Issu du cinéma indépendant, Brian de Palma débute sa carrière de réalisateur dès la fin des années 60 par des films à petits budgets (dans lesquels on découvre quelques jeunes comédiens débutants comme Robert De Niro) pour lesquels il se fait très vite remarquer. Il reçoit notamment l’Ours d’argent à Berlin en 1969 pour la comédie protestataire « Greetings ». De quoi lui ouvrir peu à peu les portes des studios hollywoodiens. Au cours des années 70, il réalise plusieurs films horrifiques ou du moins angoissants (« Carrie au bal du diable », « Obsession », « Furie », « Pulsions », « Blow out »), dans lesquels il développe ses thèmes de prédilections : l’obsession, la manipulation, la frustration sexuelle. Son cinéma évolue à partir des années 80. Il met en effet fin au cycle des thrillers horrifiques et s’oriente désormais vers de plus gros projets plus grands publics (« Scarface », « L’impasse », « Les incorruptibles », « Outrages », « Mission impossible »). Une exception toutefois, en 1984, il renoue avec son cycle d’inspiration hitchcockienne et tourne « Body double », présenté comme une relecture de « Sueurs froides » sur fond de milieu hollywoodien et d’industrie porno. D’ailleurs, pour la petite histoire, il avait engagé la star du X Annette Haven pour le principal rôle féminin mais décida en cours de tournage de la remplacer car il ne la trouvait pas assez sensuelle à l’écran. Après que plusieurs actrices en vogue (Jamie Lee Curtis, Tatum O’Neil notamment) aient refusé le rôle, celui-ci reviendra finalement à Melanie Griffith, une habituée des rôles sulfureux (« Dangereuse sous tous rapports », « New York deux heures du matin ») qu’il retrouvera cinq ans plus tard sur « Le bûcher des vanités ».
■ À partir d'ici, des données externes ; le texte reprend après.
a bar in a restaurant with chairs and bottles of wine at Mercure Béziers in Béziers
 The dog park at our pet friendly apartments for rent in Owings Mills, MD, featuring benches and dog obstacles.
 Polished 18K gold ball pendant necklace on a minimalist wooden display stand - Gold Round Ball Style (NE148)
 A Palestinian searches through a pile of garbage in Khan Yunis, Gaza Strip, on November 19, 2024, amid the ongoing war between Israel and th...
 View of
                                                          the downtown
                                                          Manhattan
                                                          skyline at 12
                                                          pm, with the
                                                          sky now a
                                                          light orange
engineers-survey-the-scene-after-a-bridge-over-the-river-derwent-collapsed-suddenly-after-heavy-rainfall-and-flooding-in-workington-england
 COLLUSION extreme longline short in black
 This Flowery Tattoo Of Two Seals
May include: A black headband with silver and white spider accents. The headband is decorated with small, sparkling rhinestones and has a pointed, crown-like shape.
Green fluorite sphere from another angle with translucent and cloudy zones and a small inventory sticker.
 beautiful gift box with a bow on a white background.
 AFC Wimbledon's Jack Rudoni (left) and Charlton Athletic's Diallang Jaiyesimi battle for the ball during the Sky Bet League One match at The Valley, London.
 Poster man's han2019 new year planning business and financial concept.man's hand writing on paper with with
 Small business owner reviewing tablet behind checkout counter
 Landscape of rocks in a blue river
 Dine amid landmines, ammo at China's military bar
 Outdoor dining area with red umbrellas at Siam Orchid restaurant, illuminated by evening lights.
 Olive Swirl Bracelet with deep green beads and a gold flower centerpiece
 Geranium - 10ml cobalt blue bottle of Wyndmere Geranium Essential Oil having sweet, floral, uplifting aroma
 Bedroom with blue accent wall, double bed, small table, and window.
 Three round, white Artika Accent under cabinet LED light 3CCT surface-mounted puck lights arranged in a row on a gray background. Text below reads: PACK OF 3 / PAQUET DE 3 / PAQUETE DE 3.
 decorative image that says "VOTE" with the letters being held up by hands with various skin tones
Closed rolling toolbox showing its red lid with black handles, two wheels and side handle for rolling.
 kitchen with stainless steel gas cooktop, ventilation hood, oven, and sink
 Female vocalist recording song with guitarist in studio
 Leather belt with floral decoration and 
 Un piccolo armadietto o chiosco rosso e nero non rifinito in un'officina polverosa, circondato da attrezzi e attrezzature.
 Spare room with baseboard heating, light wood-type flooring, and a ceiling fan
« A mon avis, la seule raison du meurtre de Gloria, c’est vous »
« Body double », c’est une sorte d’hommage appuyé de Brian De Palma au cinéma d’Alfred Hitchcock, cinéaste qu’il admire depuis toujours. Une relecture pop (et surtout kitsch) de « Fenêtre sur cour » mâtiné d’éléments plus ou moins prégnants de « Sueurs froides », « L’inconnu du Nord express », « Le crime était presque parfait » ou encore « Psychose ». Mais « Body double » est aussi un film somme. Un film qui synthétise toutes les obsessions, les névroses et les thèmes du cinéma de Brian De Palma que sont le voyeurisme, l’obsession, la frustration sexuelle ou encore la manipulation. Jusque dans son titre, « Body double » se traduisant littéralement comme « la double corps ». De Palma entraine donc ses spectateurs dans un labyrinthe pervers jouant sur la notion de double et la manipulation, chaque personnage se retrouvant ainsi avec une double identité (l’anxieux Jack s’inventera un personnage pour rencontrer Holy Body et vaincre ses démons, derrière le gentil acteur courant le cachet, Sam est aussi le tueur indien après lequel Jack court, Holy est la doublure de Gloria, etc...). La quête du personnage deviendra vite par analogie une quête intérieure, mentale, dans les méandres de sa psyché. De Palma signe donc un film dense, mais parfois un peu abscons. La scène finale, sorte de switch scénaristique, laisse planer un doute sur le récit tout entier. Malin donc. Mais extrêmement tortueux.